XML format for describing common website objects to search engines

Resources of a Resource (ROR) is an XML format for describing the content of an internet resource or website in a generic fashion so this content can be better understood by search engines, spiders, web applications, etc. The ROR format provides several pre-defined terms for describing objects like sitemaps, products, events, reviews, jobs, classifieds, etc. The format can be extended with custom terms.

RORweb.com is the official website of ROR; the ROR format was created by AddMe.com as a way to help search engines better understand content and meaning. Similar concepts, like Google Sitemaps and Google Base, have also been developed since the introduction of the ROR format.

ROR objects are placed in an ROR feed called ror.xml. This file is typically located in the root directory of the resource or website it describes.
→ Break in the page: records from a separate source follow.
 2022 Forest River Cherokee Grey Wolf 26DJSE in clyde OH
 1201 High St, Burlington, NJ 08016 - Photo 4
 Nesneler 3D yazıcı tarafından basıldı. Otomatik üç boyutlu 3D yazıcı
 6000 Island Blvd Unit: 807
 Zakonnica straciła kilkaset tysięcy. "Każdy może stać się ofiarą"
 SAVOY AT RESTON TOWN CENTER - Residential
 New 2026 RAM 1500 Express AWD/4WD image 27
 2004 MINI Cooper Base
When a search engine like Google or Yahoo searches the web to determine how to categorize content, the ROR feed allows the search engines "spider" to quickly identify all the content and attributes of the website.

This has three main benefits:

1. It allows the spider to correctly categorize the content of the website into its engine.
2. It allows the spider to extract very detailed information about the objects on a website (sitemaps, products, events, reviews, jobs, classifieds, etc.)
3. It allows the website owner to optimize his site for inclusion of its content into the search engines.